There are two facets of the fear that comes from that internal fragility. The most obvious is the zombies themselves. One bite, one scratch, one bit of contact with tainted blood, and all the dignity, all the reason, is completely stripped away from a person. It’s frightening to think of that abject brutishness taking over, particularly when, in the throws of a zombie outbreak, it could happen so easily. Philosophers like David Hume rejected the notion of man as “the rational animal,” arguing that reason was often a slave to passion and taste. The undead are that notion taken to a frightening extreme. The bitten and infected become brainless animals, ruled entirely by impulse, and they are powerless to stop it.

 

In that spirit I give to you...Zombie David Hume

 

That powerlessness is another big part of what makes zombies so terrifying. The undead not only represent a complete shattering of our reason, our ability to be more than mere mentally-drifting creatures consumed by our baser urges, but also a futility in our ability to fight against that descent into blind savagery. The fruitless fight against the change is one of the most resonant and repeated points in the zombie canon. In almost every work about the undead, there’s at least one person who gets bitten and struggles in vain to stay among the living, only to inevitably succumb to the infection.

As Andy mentioned in the podcast, one of the most devastating scenes in Dawn of the Dead occurs when one character uses his last dying breath to beg his companion, gun at the ready, for some small mercy. “Don’t do it ’till you’re sure I’m coming back. I’m gonna try… not to. I’m gonna try not to come back. I’m gonna try… not to.” He, of course, does; his companion is reluctant, but deliberate, and shoots the shell of the man that lingers behind. It’s a particularly chilling moment that underscores the point.

 

Scott Reiniger, one of Second Breakfast's famed "Those Guys."

 

Different works have used that mindlessness to stand in for various ideas: racism, consumerism, retributivism, etc. But at their core, they’re all underlied by a fairly simple premise — the worst of mankind is not that far away, and by the time circumstances have arisen to bring that to the fore, the battle has already been lost.

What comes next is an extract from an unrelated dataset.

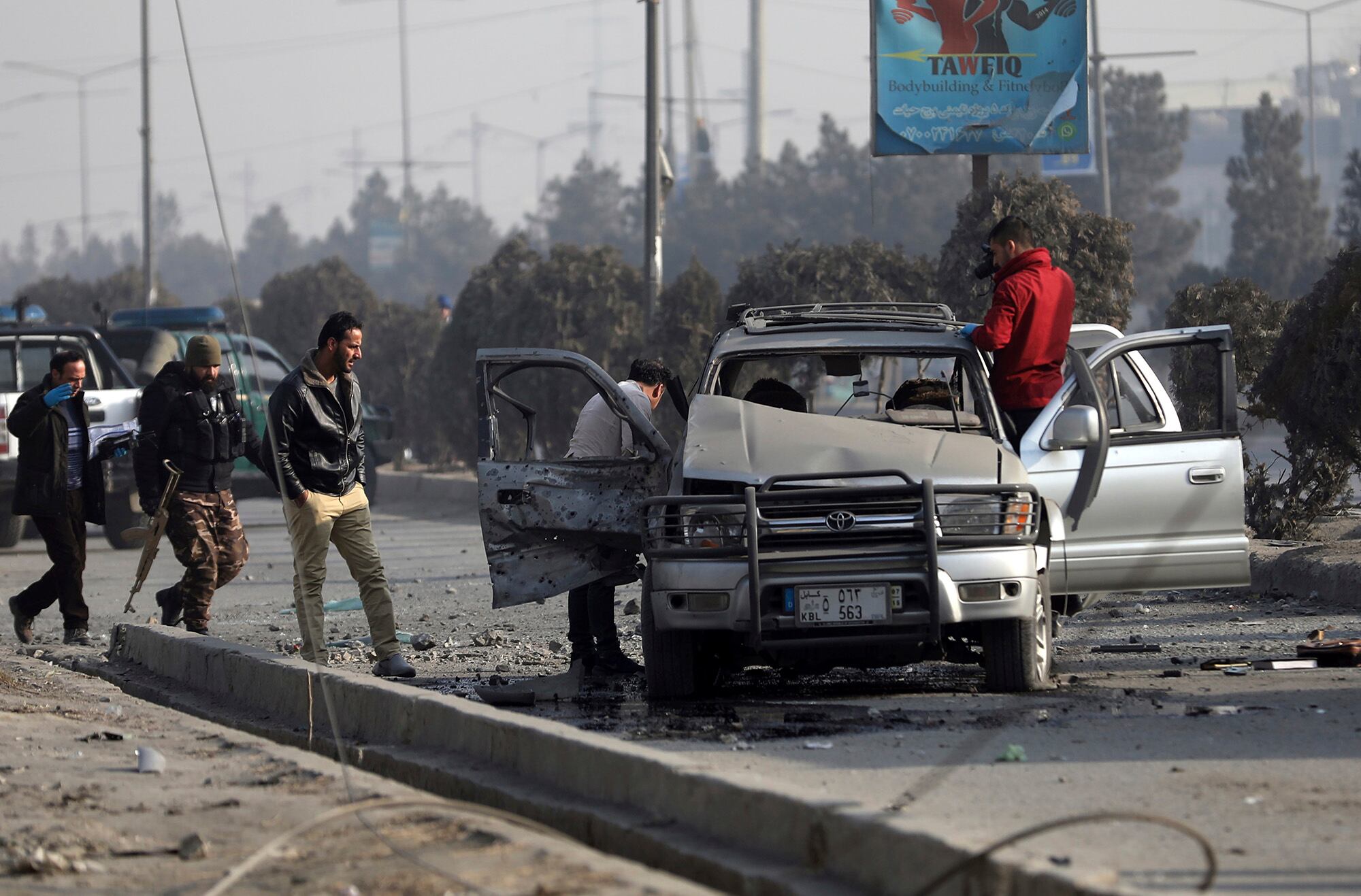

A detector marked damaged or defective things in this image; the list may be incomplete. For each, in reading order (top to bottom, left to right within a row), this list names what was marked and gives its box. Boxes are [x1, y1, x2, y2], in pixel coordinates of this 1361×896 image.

damaged toyota suv [479, 305, 1252, 697]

In the same vein, the other facet of that internal fear comes from the people who have managed to survive. It’s a subject that’s been explored in post-apocalyptic films of all varieties. How do people behave when there’s no one to enforce the rules and the protective veneer of society’s norms have been stripped away? Many devolve into cruelty, hedonism, selfishness, and worse when the metes and bounds of civilization are removed. The living, in a zombie film, are a mirror image of the undead – a parallel instance of nominally civilized people giving into their weaker selves wholesale.

The scariest part of all of this is not the concern that these terrible circumstances destroy our society or strip away our humanity. It’s the fear that they reveal them. It’s the concern that these base instincts are humanity and that our grace and gentility and our achievements as a species are all fragile constructs, easily shattered in the face of overwhelming fear, want, and desperation.

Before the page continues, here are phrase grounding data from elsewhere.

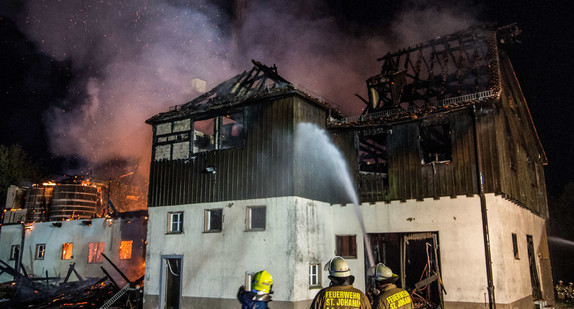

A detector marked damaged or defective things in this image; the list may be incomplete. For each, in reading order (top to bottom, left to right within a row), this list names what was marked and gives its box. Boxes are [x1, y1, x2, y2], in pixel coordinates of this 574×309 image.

broken window [360, 132, 392, 173]
broken window [420, 123, 452, 164]
broken window [205, 207, 223, 231]
broken window [246, 206, 266, 230]
broken window [88, 241, 105, 262]
broken window [338, 235, 356, 258]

Zombies are compelling because they’re a view of the worst case scenario, both for the world humanity has built and for humanity itself. That view is troubling, even disquieting, but it also makes it hard to look away. From the shambling id of the undead themselves, to the crumbling societies built on flimsy fables of security, to the surviving men and women who often prove themselves scarcely worth being saved, zombies are scary and yet irresistible because they present a stark, chilling thought:

This is what we are. And all we are. And your day will come.